ST. LOUIS – “Frozen chosen, it’s time to make noise.”
J. Herbert Nelson, the stated clerk of the Presbyterian Church (U.S.A.), preached a message of faithfulness and action – not despair – during opening worship of the Mid Council Leaders Gathering Oct. 15 in St. Louis.

That gathering, co-sponsored by the Office of the General Assembly and the Board of Pensions (and formerly known as the Fall Polity Conference), is being held Oct. 15-17, drawing about 350 people to St. Louis to discuss the state of the church – from the congregational to the denominational level.
“Let’s make some noise” in the name of God, Nelson said. “If we make enough noise, nobody knows that we’ve lost members.” With enough noise in the name of justice and compassion and hope, people outside the church will hear and want to join in.
Nelson urged Presbyterians not to sing a “some kind of sad lullaby,” but to work for and witness to the kingdom of God.
“Our congregations are not poor. We have more than we need to do the work of faith,” he said. “We don’t have what we used to, but we are not poor people.”
Preaching from Matthew 6:25-34 and from the account of creation in Genesis, in a sermon titled “Reflecting the Power of the Kingdom,” Nelson urged Presbyterians not to be a “denomination of depression.”
Some Presbyterians say “that our work is to fix the church,” but it’s not, Nelson said.
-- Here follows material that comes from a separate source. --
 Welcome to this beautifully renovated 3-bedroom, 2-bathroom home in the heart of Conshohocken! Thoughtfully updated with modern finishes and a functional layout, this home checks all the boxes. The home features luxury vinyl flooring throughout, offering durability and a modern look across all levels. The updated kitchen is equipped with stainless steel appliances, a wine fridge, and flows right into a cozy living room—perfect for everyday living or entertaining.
It’s to work faithfully for God’s kingdom, and to believe that God has provided what is needed. “And if we are faithful, God will fix the church.”
Christians follow a transformative God, a God who says that if you follow me, “things will change in your life,” Nelson said. The faithful answer when God calls “is to just say ‘Yes. Yes, Lord.’ Yes, Lord, take me to the place of the greatest potential,” the places where people are crying, where no one else wants to go, to places of unrest, “because I know a Jesus who can calm the storm.”
Nelson said some started texting, emailing “and badgering me” when protests broke out in St. Louis after the Sept. 15 acquittal of Jason Stockley, a white police officer charged with murder after shooting a black driver, Lamar Smith – with some of those correspondents suggesting that the PC(USA) should not hold the 2018 General Assembly as planned June 16-23 in St. Louis. But the Committee on the Office of the General Assembly voted Sept. 21 to reaffirm its decision to hold the assembly in St. Louis – the protests are ongoing, and Nelson preached that “we are here because the need is here.”

Elsewhere, through Presbyterian Disaster Assistance, the PC(USA) is working to bring relief and hope in Houston and Puerto Rico after the hurricanes; in Las Vegas following the mass shooting; in northern California after the wildfires, Nelson said.
Presbyterians witness to God’s power through work in education, in feeding the hungry, in helping those with mental illness, through sharing stories of faith.
Many Presbyterians worry about churches departing, about having fewer members and less money and influence, but the message of the gospel is that God provides what is needed, Nelson said.

“It may not be as much as we want, it may not be as much as we had, it may not be as much as we pray for, but it will be what we need. … Let’s stop complaining about what we don’t have, and use what we’ve got.”
Christians follow a triune God and “a mysterious calling,” Nelson said. “It is a call to the mystery of life, a path we do not know, a God we do not see, a calling we cannot always nail down.” But “we serve a God who knows it all,” he said in his closing benediction.
The offering collected during opening worship will be split between relief work in Puerto Rico and justice work in St. Louis.